@dantohe - welcome to OHDSI!
With Truven MarkeScan, being one of the most popular data set, you have multiple choices in OHDSI:
1) Use one of the open source ETL code sets, contributed by Janssen:
It is a great code base and ETL specs. You will be at the mercy of that fantastic team to share their code into OHDSI (which they do quite regularly). Based, on my knowledge, it is based on Microsoft SSIS platform but it might have changed.

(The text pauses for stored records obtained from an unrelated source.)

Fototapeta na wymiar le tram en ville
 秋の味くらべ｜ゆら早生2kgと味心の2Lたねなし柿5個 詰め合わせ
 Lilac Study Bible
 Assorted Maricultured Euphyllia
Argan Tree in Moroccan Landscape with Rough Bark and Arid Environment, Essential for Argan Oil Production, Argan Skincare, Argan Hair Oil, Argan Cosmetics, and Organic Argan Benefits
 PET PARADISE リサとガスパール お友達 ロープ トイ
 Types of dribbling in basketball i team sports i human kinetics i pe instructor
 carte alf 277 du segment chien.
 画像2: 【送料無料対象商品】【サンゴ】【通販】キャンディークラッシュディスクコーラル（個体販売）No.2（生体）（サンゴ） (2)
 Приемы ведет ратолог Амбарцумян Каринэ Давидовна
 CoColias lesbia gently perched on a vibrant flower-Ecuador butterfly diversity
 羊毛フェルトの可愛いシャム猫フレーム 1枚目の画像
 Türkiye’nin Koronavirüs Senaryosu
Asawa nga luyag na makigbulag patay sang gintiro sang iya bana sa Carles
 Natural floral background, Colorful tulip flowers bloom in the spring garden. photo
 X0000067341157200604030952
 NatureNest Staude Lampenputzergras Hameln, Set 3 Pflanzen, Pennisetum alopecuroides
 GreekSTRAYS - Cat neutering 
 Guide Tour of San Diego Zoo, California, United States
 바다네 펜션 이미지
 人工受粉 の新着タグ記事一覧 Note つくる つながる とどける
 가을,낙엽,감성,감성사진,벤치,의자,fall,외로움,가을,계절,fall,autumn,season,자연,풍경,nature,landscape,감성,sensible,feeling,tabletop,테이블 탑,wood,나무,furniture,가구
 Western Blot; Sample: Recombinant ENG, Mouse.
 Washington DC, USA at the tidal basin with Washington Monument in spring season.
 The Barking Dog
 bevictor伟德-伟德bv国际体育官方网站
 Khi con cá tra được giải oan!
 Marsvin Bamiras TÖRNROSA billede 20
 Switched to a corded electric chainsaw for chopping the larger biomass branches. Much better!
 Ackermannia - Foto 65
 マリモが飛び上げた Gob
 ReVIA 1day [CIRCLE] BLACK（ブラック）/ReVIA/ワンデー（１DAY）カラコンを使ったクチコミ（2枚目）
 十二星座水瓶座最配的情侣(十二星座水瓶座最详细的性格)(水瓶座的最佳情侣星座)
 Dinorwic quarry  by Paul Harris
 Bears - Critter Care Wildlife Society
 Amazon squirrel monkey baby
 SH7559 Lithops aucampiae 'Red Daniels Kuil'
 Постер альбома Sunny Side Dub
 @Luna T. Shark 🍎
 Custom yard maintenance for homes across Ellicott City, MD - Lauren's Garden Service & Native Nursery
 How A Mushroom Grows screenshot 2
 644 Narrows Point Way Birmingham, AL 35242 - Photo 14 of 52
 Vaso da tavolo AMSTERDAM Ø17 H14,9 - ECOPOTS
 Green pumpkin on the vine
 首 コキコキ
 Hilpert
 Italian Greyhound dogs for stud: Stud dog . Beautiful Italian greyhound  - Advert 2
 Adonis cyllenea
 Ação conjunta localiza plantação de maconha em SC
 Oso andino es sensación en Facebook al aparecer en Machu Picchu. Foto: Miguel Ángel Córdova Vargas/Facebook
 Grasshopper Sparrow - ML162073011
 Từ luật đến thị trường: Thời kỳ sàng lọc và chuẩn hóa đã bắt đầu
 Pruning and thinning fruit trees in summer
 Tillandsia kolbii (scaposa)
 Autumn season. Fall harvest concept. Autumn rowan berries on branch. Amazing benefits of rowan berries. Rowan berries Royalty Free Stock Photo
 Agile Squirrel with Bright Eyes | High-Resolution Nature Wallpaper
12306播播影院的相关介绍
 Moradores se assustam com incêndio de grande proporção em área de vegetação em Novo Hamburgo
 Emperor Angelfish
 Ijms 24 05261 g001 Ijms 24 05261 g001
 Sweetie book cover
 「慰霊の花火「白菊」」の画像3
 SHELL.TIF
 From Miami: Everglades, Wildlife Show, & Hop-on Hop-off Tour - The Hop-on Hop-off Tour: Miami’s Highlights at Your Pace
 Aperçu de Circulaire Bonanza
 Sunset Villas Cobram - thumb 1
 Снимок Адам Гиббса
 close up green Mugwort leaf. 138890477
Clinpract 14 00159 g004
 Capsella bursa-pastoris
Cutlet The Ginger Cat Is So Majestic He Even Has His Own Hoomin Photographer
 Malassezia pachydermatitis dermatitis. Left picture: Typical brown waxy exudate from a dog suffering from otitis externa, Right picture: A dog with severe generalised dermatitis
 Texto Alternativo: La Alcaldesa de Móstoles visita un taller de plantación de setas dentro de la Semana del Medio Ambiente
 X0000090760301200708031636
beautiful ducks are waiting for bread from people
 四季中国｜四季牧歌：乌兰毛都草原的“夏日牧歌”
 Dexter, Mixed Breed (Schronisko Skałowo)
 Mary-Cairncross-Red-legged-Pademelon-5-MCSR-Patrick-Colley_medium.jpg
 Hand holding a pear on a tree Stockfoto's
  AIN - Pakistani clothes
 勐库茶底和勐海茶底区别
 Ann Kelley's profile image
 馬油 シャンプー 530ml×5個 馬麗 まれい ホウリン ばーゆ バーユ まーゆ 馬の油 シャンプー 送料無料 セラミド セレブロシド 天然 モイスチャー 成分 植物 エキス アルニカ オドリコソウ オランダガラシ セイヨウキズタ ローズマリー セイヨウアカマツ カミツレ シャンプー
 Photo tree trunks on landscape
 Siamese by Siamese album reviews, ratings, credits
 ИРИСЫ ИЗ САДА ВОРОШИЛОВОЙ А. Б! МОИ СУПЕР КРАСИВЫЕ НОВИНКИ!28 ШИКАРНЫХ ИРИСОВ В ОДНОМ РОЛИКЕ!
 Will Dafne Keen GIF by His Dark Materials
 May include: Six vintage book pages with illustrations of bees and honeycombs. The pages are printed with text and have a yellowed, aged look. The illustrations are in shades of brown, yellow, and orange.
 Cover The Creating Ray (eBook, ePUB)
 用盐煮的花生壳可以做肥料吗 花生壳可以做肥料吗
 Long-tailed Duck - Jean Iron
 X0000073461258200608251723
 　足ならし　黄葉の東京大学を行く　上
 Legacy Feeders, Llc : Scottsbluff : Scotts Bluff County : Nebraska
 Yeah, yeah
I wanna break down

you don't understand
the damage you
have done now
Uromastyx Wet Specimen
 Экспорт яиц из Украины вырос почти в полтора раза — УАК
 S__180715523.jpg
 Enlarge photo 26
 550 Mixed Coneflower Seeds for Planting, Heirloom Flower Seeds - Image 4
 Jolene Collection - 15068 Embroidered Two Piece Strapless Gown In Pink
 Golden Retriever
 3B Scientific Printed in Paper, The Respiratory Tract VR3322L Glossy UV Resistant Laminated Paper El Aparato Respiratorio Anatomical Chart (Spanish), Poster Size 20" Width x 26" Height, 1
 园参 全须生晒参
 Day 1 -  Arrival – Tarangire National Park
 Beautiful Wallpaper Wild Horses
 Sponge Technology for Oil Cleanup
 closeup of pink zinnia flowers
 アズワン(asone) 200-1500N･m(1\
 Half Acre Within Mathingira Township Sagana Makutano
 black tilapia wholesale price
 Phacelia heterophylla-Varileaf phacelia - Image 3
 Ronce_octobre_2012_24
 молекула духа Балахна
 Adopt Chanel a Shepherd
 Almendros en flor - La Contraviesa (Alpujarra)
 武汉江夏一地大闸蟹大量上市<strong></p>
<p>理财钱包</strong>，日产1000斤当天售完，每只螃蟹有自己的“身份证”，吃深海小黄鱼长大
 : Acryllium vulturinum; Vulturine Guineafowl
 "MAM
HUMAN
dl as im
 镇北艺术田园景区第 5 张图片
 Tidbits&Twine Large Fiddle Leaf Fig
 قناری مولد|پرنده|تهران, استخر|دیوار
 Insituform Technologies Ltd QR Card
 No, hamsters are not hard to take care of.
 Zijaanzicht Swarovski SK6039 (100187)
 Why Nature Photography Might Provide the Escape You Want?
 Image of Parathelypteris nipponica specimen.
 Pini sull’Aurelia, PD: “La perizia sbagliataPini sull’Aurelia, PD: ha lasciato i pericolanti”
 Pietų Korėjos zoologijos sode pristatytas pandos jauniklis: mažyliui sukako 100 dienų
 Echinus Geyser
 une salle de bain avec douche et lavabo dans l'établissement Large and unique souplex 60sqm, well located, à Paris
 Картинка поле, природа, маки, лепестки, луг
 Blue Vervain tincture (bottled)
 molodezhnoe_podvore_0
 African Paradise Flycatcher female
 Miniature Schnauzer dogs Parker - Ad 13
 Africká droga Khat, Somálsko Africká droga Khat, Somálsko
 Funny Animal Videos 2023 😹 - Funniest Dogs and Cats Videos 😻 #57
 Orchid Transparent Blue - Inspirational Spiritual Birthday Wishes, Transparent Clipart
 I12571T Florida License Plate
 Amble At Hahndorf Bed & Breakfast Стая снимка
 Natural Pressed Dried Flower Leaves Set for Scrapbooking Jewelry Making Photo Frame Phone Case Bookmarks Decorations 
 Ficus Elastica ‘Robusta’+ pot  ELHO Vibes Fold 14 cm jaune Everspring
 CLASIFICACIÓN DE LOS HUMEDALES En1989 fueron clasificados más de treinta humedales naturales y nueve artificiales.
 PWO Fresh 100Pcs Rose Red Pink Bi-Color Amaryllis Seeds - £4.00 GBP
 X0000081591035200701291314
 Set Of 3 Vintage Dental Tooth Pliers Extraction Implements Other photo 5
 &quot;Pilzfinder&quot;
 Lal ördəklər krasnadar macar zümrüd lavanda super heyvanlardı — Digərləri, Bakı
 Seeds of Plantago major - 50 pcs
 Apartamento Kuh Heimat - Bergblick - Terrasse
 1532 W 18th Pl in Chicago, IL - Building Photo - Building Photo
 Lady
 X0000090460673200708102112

2) Use one of the commercial vendors (including Odysseus where I am at) that do it for living. They can do the Truven MarkeScan OMOP CDM conversion for you using the latest and greatest Truven MarketScan ETL scripts, including support for OMOP CDM v5.3, latest THEMIS business rules, Truven specs and OMOP CDM vocabularies etc.. And btw, it is Hadoop / Spark based and can be easily plugged into any Hadoop based platform, including Amazon AWS EMR or Cloudera.
The Truven MarketScan data set, while being one of the most popular, is also one of the biggest, so not only some needs to know the details of OMOP CDM, OMOP Standardized Vocabs and various business rules (look up THEMIS) but also know how to handle a large data set like that, including keeping it up to date.
You get the idea, happy to discuss and provide more hints. Good luck!